I think that may have topped the infamous Hurricane Katrina column.
* Illinois News Network…
Pritzker inherits fiscal mess while groups warn of disaster
The incoming administration inherits a fiscal mess that some experts have said is beyond repair.
“One metaphor that comes to mind is some people have the best seats on the Titanic,” said Bill Bergman, research director at Truth in Accounting.
- Ok - Thursday, Nov 8, 18 @ 11:48 am:
Flood the City. Burn down the city.
What’s next, locusts?
- Anon221 - Thursday, Nov 8, 18 @ 11:54 am:
” Their lesson will come, though when remains unclear.”
Oh Good Grief (banned punctuation). I’m so glad the Wirepoints author can armchair profile me. I’m not looking for the “rainbow stew and free bubble up”, but I was not going to enable the “starve the beast” CEO one day more. There’s a lot of hard work ahead, and based on what I’m seeing so far, JB and Crew are starting out on the right foot, REAL phone calls and all.
- Arsenal - Thursday, Nov 8, 18 @ 11:55 am:
==In almost all other races, Illinois voters effectively chose to believe they can “vote themselves money,”==
Bruce Rauner literally spent the final weeks of the campaign claiming he could cut taxes without cutting services.
- wordslinger - Thursday, Nov 8, 18 @ 11:55 am:
–How much closer to Detroit or Puerto Rico must Illinois go before it reforms?–
Detroit and Puerto? Get with the program, Pee-Wee’s word-of-the-day is “Venezuela.” Now scream your heads off.
–“One metaphor that comes to mind is some people have the best seats on the Titanic,” said Bill Bergman, research director at Truth in Accounting.–
Yes, a mind filled with hackneyed tropes.
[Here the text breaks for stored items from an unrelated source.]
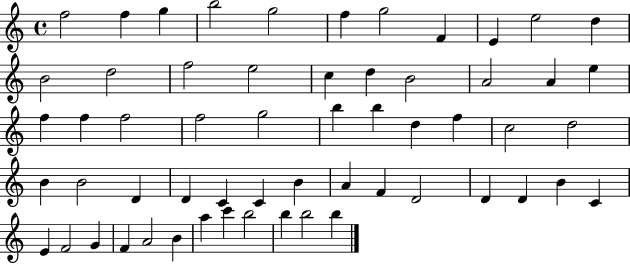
F5/h F5/q G5/q B5/h G5/h F5/q G5/h F4/q E4/q E5/h D5/q B4/h D5/h F5/h E5/h C5/q D5/q B4/h A4/h A4/q E5/q F5/q F5/q F5/h F5/h G5/h B5/q B5/q D5/q F5/q C5/h D5/h B4/q B4/h D4/q D4/q C4/q C4/q B4/q A4/q F4/q D4/h D4/q D4/q B4/q C4/q E4/q F4/h G4/q F4/q A4/h B4/q A5/q C6/q B5/h B5/q B5/h B5/q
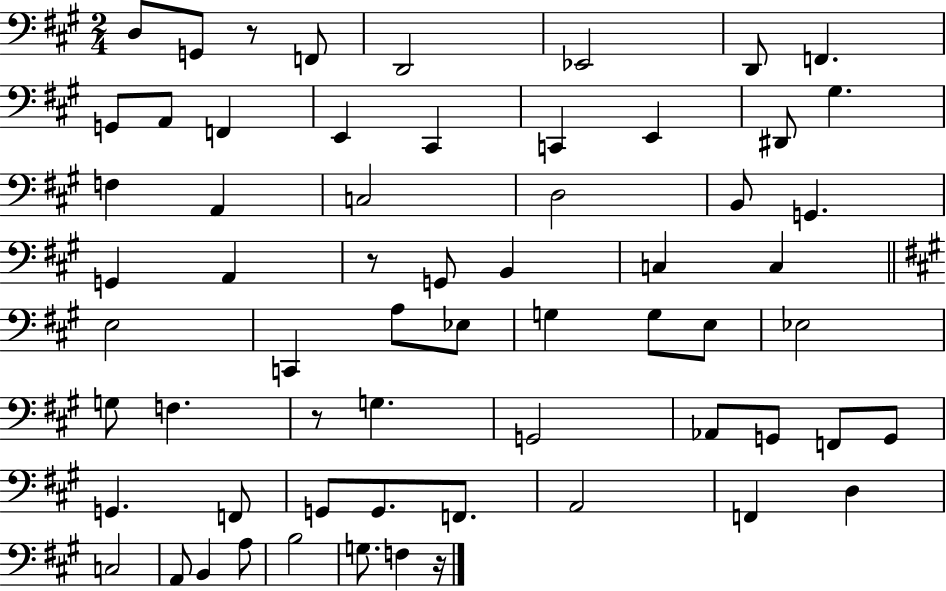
{
  \clef bass
  \numericTimeSignature
  \time 2/4
  \key a \major
  d8 g,8 r8 f,8 | d,2 | ees,2 | d,8 f,4. | \break g,8 a,8 f,4 | e,4 cis,4 | c,4 e,4 | dis,8 gis4. | \break f4 a,4 | c2 | d2 | b,8 g,4. | \break g,4 a,4 | r8 g,8 b,4 | c4 c4 | \bar "||" \break \key a \major e2 | c,4 a8 ees8 | g4 g8 e8 | ees2 | \break g8 f4. | r8 g4. | g,2 | aes,8 g,8 f,8 g,8 | \break g,4. f,8 | g,8 g,8. f,8. | a,2 | f,4 d4 | \break c2 | a,8 b,4 a8 | b2 | g8. f4 r16 | \break \bar "|."
}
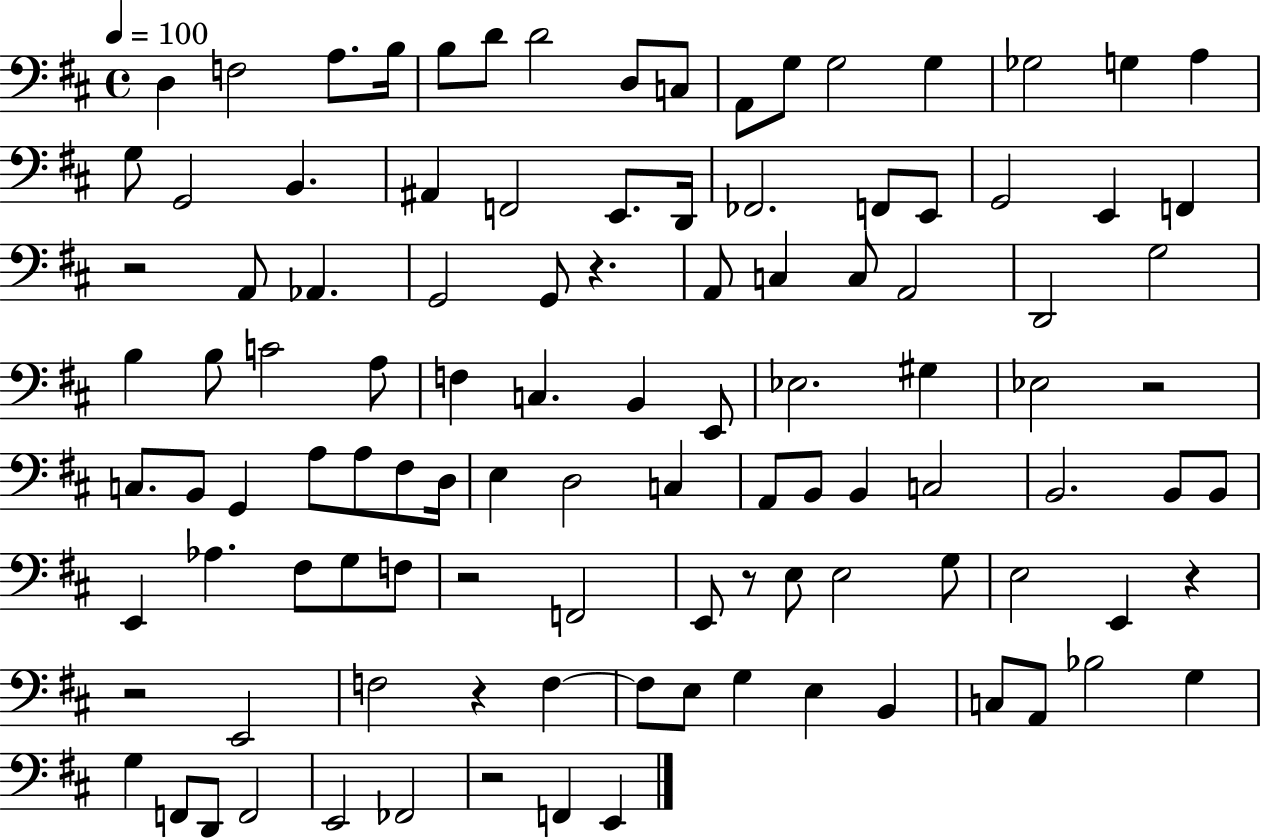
{
  \clef bass
  \time 4/4
  \defaultTimeSignature
  \key d \major
  \tempo 4 = 100
  d4 f2 a8. b16 | b8 d'8 d'2 d8 c8 | a,8 g8 g2 g4 | ges2 g4 a4 | \break g8 g,2 b,4. | ais,4 f,2 e,8. d,16 | fes,2. f,8 e,8 | g,2 e,4 f,4 | \break r2 a,8 aes,4. | g,2 g,8 r4. | a,8 c4 c8 a,2 | d,2 g2 | \break b4 b8 c'2 a8 | f4 c4. b,4 e,8 | ees2. gis4 | ees2 r2 | \break c8. b,8 g,4 a8 a8 fis8 d16 | e4 d2 c4 | a,8 b,8 b,4 c2 | b,2. b,8 b,8 | \break e,4 aes4. fis8 g8 f8 | r2 f,2 | e,8 r8 e8 e2 g8 | e2 e,4 r4 | \break r2 e,2 | f2 r4 f4~~ | f8 e8 g4 e4 b,4 | c8 a,8 bes2 g4 | \break g4 f,8 d,8 f,2 | e,2 fes,2 | r2 f,4 e,4 | \bar "|."
}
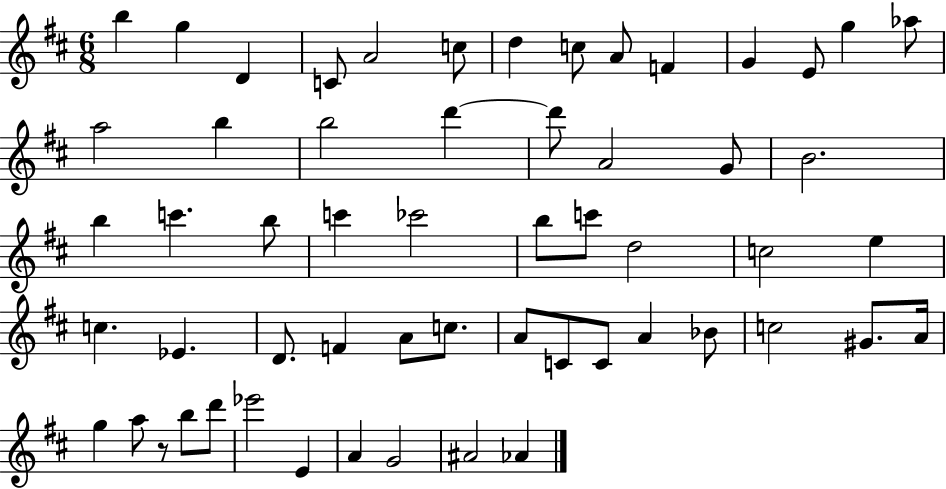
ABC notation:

X:1
T:Untitled
M:6/8
L:1/4
K:D
b g D C/2 A2 c/2 d c/2 A/2 F G E/2 g _a/2 a2 b b2 d' d'/2 A2 G/2 B2 b c' b/2 c' _c'2 b/2 c'/2 d2 c2 e c _E D/2 F A/2 c/2 A/2 C/2 C/2 A _B/2 c2 ^G/2 A/4 g a/2 z/2 b/2 d'/2 _e'2 E A G2 ^A2 _A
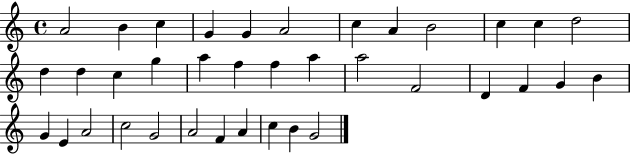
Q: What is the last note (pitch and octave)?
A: G4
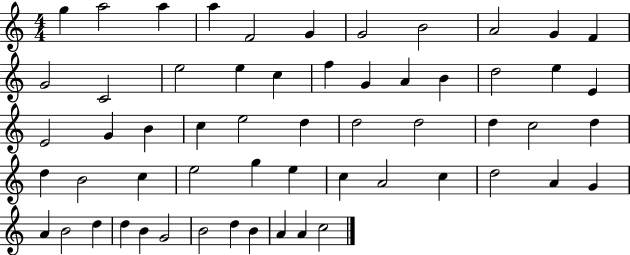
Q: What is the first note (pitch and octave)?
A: G5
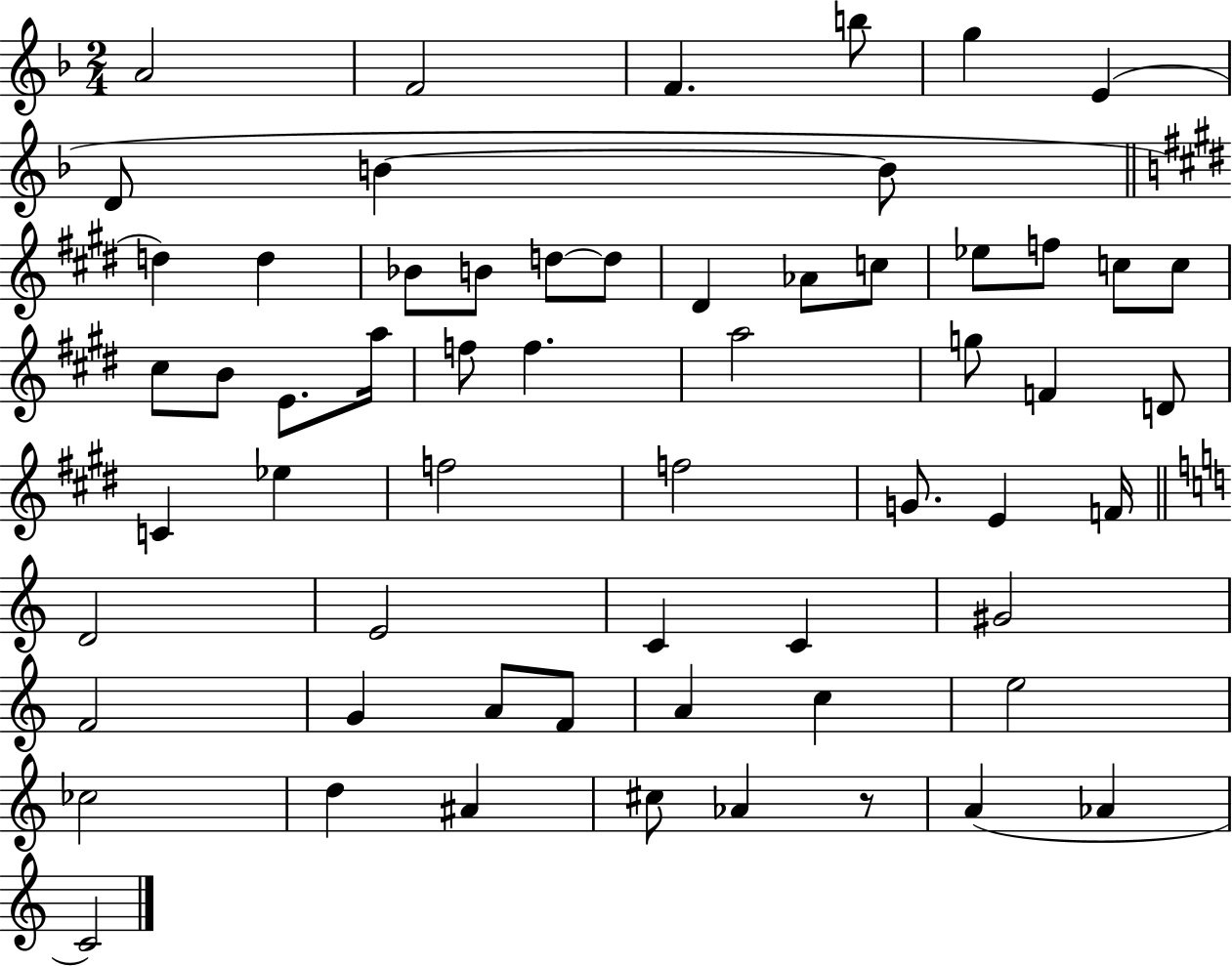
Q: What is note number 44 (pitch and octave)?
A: G#4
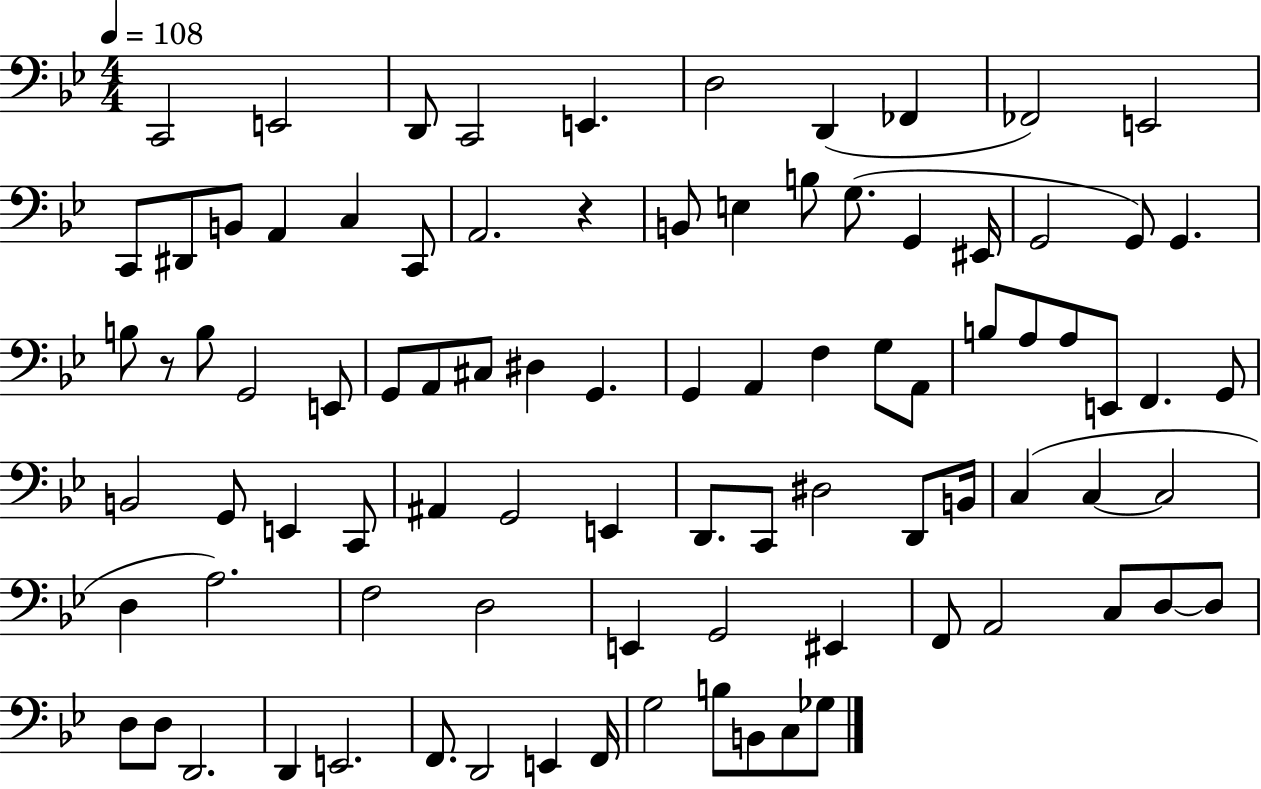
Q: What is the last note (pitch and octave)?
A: Gb3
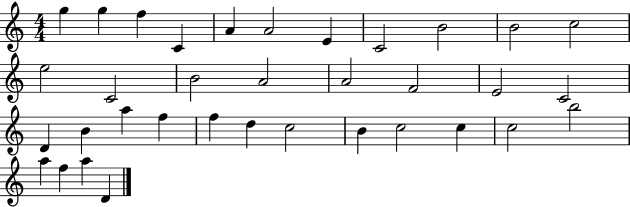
{
  \clef treble
  \numericTimeSignature
  \time 4/4
  \key c \major
  g''4 g''4 f''4 c'4 | a'4 a'2 e'4 | c'2 b'2 | b'2 c''2 | \break e''2 c'2 | b'2 a'2 | a'2 f'2 | e'2 c'2 | \break d'4 b'4 a''4 f''4 | f''4 d''4 c''2 | b'4 c''2 c''4 | c''2 b''2 | \break a''4 f''4 a''4 d'4 | \bar "|."
}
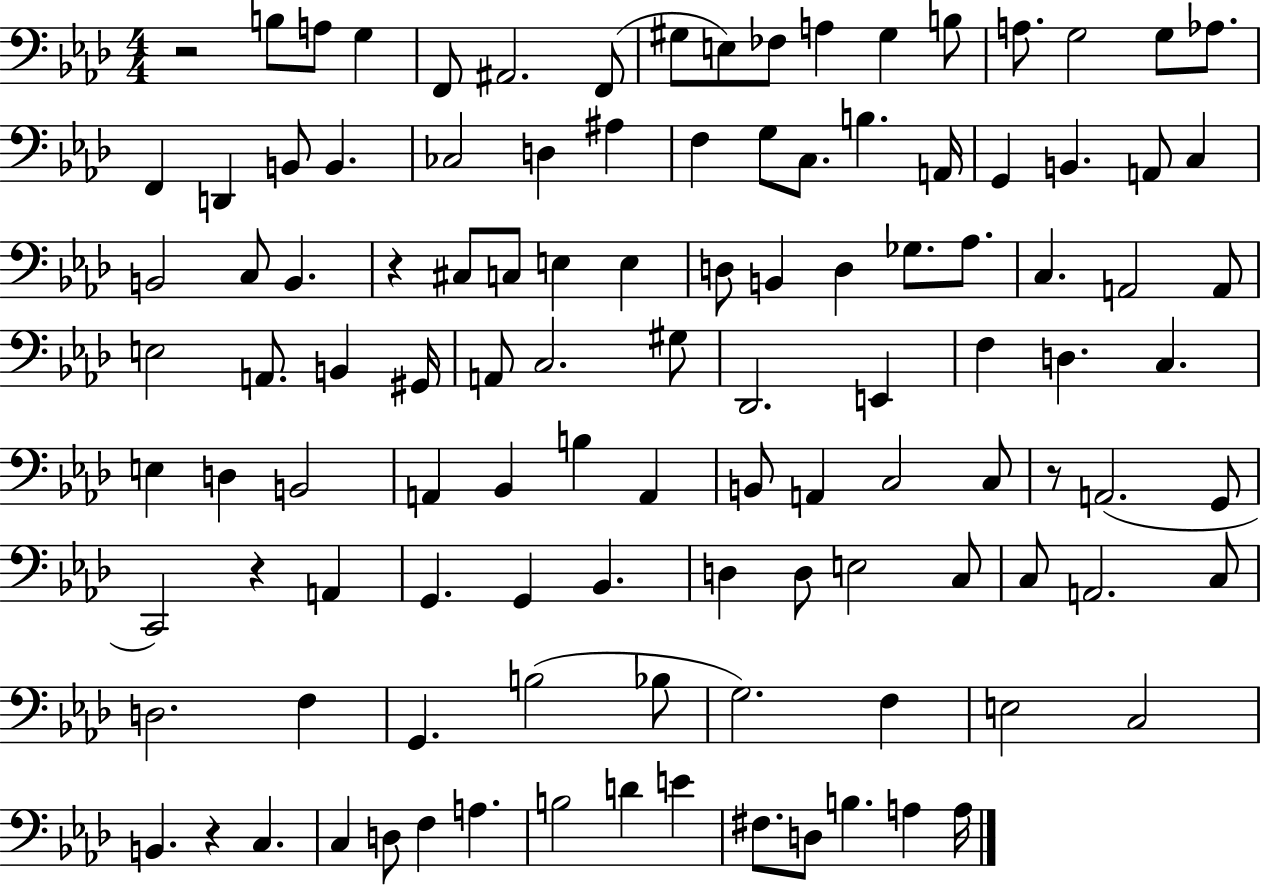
{
  \clef bass
  \numericTimeSignature
  \time 4/4
  \key aes \major
  r2 b8 a8 g4 | f,8 ais,2. f,8( | gis8 e8) fes8 a4 gis4 b8 | a8. g2 g8 aes8. | \break f,4 d,4 b,8 b,4. | ces2 d4 ais4 | f4 g8 c8. b4. a,16 | g,4 b,4. a,8 c4 | \break b,2 c8 b,4. | r4 cis8 c8 e4 e4 | d8 b,4 d4 ges8. aes8. | c4. a,2 a,8 | \break e2 a,8. b,4 gis,16 | a,8 c2. gis8 | des,2. e,4 | f4 d4. c4. | \break e4 d4 b,2 | a,4 bes,4 b4 a,4 | b,8 a,4 c2 c8 | r8 a,2.( g,8 | \break c,2) r4 a,4 | g,4. g,4 bes,4. | d4 d8 e2 c8 | c8 a,2. c8 | \break d2. f4 | g,4. b2( bes8 | g2.) f4 | e2 c2 | \break b,4. r4 c4. | c4 d8 f4 a4. | b2 d'4 e'4 | fis8. d8 b4. a4 a16 | \break \bar "|."
}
But those Titanic II tickets won’t be cheap. Bidding is up $1 million for the maiden voyage.
Geez, get some new material.
If hackneyed tropes were gold, these guys would be Pritzker-rich.
- Jibba - Thursday, Nov 8, 18 @ 11:57 am:
Talking heads talk. What else would they be qualified to do? No need to know any true facts about how we got here.
- Steve - Thursday, Nov 8, 18 @ 12:02 pm:
Will higher tax rates bring in much more revenue for Illinois? Stay tuned.
- Springfieldish - Thursday, Nov 8, 18 @ 12:03 pm:
Isn’t it odd that organizations with ‘Truth’ in their name tend to exist about as far from the truth as possible? The IPI has all sorts of names, like ‘Wirepoint’ and ‘Truth in Accounting.’
- Rich Miller - Thursday, Nov 8, 18 @ 12:03 pm:
Steve, except for cigarettes, they always have before.
- Oswego Willy - Thursday, Nov 8, 18 @ 12:04 pm:
I welcome and encourage a bipartisan approach.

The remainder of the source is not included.